Paolo Rossi, un avant-centre d'avant

Paolo Rossi, décédé ce jeudi, était un attaquant peu athlétique mais adroit, produit d'une époque révolue.

S'il fut avant tout l'homme d'une Coupe du monde, Paolo Rossi était aussi la caricature de l'avant-centre tel qu'on l'a longtemps conçu en Italie, temple du pragmatisme jusqu'à la fin des années 80. Le meilleur buteur du « Mundial » 82 (6 buts) n'allait pas très vite, ne sautait pas très haut, avait une bonne technique mais n'était pas un maestro non plus, et il ne pouvait pas compter sur sa robustesse physique pour résister aux défenseurs adverses.

Son registre, c'était d'abord et avant tout le but, même si on ne peut le résumer qu'à cela : dans le jeu, celui qui a commencé sa carrière professionnelle comme ailier était capable de plus de choses que Gerd Müller, pour prendre l'exemple d'un autre « renard des surfaces » officiant quelques années avant lui.

Jeu de tête, malice et opportunisme

Et puisque le souvenir de Paolo Rossi restera essentiellement lié aux premiers jours de juillet 1982, en Espagne, il faut revoir son triplé contre le Brésil (3-2) pour établir son registre, car tout Paolo Rossi est dans ce match historique du deuxième tour de la Coupe du monde. Le premier est inscrit de la tête, l'un de ses points forts, pas parce qu'il plane au-dessus des autres mais parce qu'il sait se défaire du marquage : trois de ses six buts seront inscrits de la tête, un contre le Brésil, un contre la Pologne en demi-finale (2-0) et un contre l'Allemagne pour finir (3-1).

Le deuxième illustre sa malice : il sent venir la passe imprécise de Cerezo, intercepte le ballon entre trois Brésiliens passifs et envoie une frappe pure au ras du poteau, d'une vingtaine de mètres. Le troisième rappelle son opportunisme : il est là, à cinq mètres du but adverse, pour détourner la frappe de Marco Tardelli et tromper une nouvelle fois Valdir Peres, le gardien auriverde, sur le deuxième temps d'un corner bêtement concédé par Cerezo.

Une performance absolue pour l'Italie, qui n'aura jamais été menée au score alors qu'elle a subi presque de bout en bout. Un chef-d'oeuvre personnel pour ce drôle d'oiseau d'1,74 m pour 67 kg qui n'est pourtant pas un monstre d'égoïsme : toujours face au Brésil, en position de frapper, il choisit le centre en retrait qui permet le quatrième but de son équipe, signé Antognoni, refusé pour hors-jeu.

« La vertu principale de Paolo Rossi, c'est le flair du chasseur qui le place toujours sur les trajectoires du ballon lorsque ce dernier traîne devant le but adverse »

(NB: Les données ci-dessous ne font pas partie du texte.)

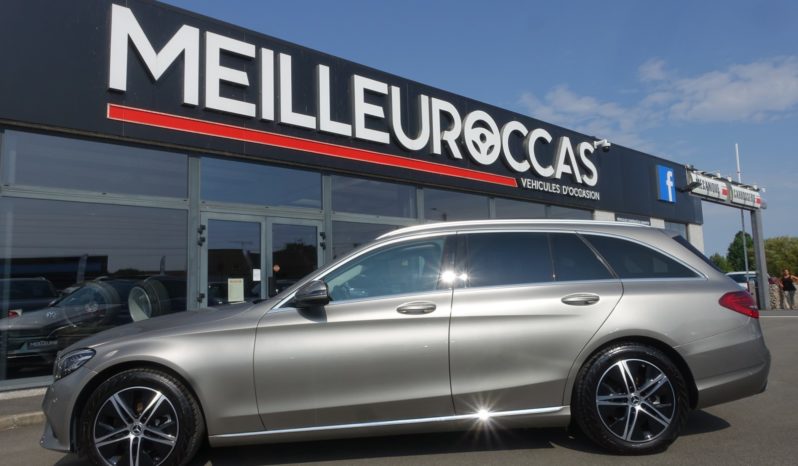 MERCEDES CLASSE C 200 D BREAK 160 CH complet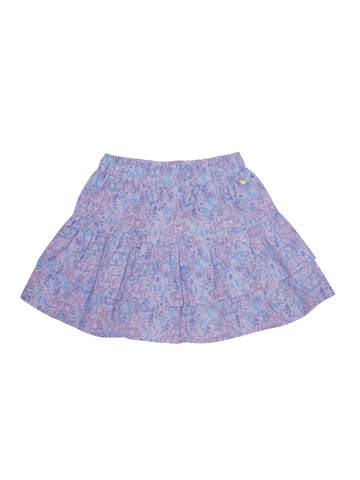Funkle Rokje Oase – Pastel Blauw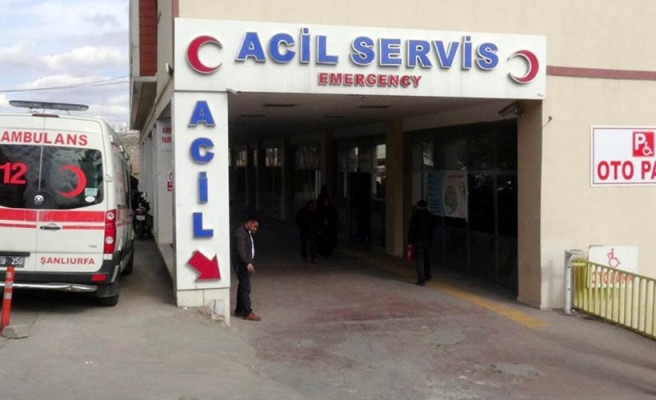 Şanlıurfa'da aracın çarptığı yaya hayatını kaybetti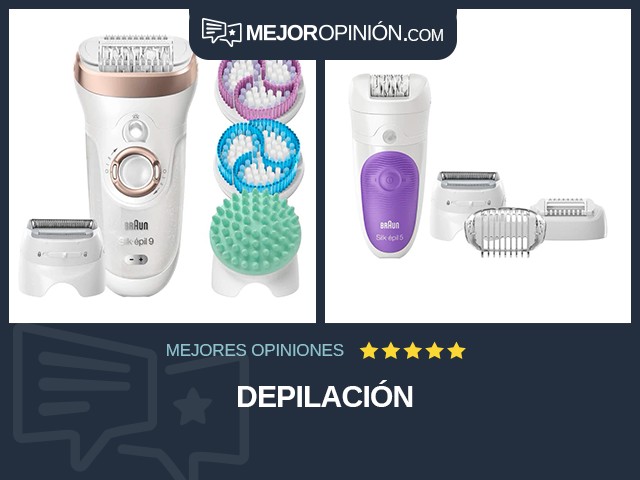 Depilación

Jean-Philippe Réthacker, ancien grand journaliste de L'Équipe

Jean-Philippe Réthacker le décrit ainsi quelques jours plus tard, dans nos colonnes : « La vertu principale de Paolo Rossi, c'est le flair du chasseur qui le place toujours sur les trajectoires du ballon lorsque ce dernier traîne devant le but adverse [...] Faites un tour rapide de la question et des spécialistes : songer à Just Fontaine et à Gerd Müller, qui ont précédé Paolo Rossi sur la voie sacrée de la Coupe du monde. Songez à (Carlos) Bianchi ou à (Delio) Onnis. Et vous constaterez que cet instinct du placement est bien l'arme maîtresse du buteur, qui réussit toujours à échapper à son gardé du corps à un moment ou à un autre, pour se retrouver seul en position de tir ou de reprise de balle favorable. »

À l'époque où le marquage individuel reste la norme, son art est de naviguer à la frontière du hors-jeu, dans le dos de son défenseur, dans la zone la moins dense possible. Une stratégie d'évitement, de patience, d'instinct. Et une certaine idée du travail bien fait. Paolo Rossi, avant de frapper, semblait souvent attendre quelques dixièmes de secondes de plus que les autres, guettant le moment où le ballon serait parfaitement placé avant d'armer sa frappe. Produit de la Serie A d'alors, où les attaquants ne pouvaient pas gâcher les miettes qu'on leur offrait, il ne sera plus jamais ce maître du temps qu'il fut pendant quelques jours, en juillet 1982.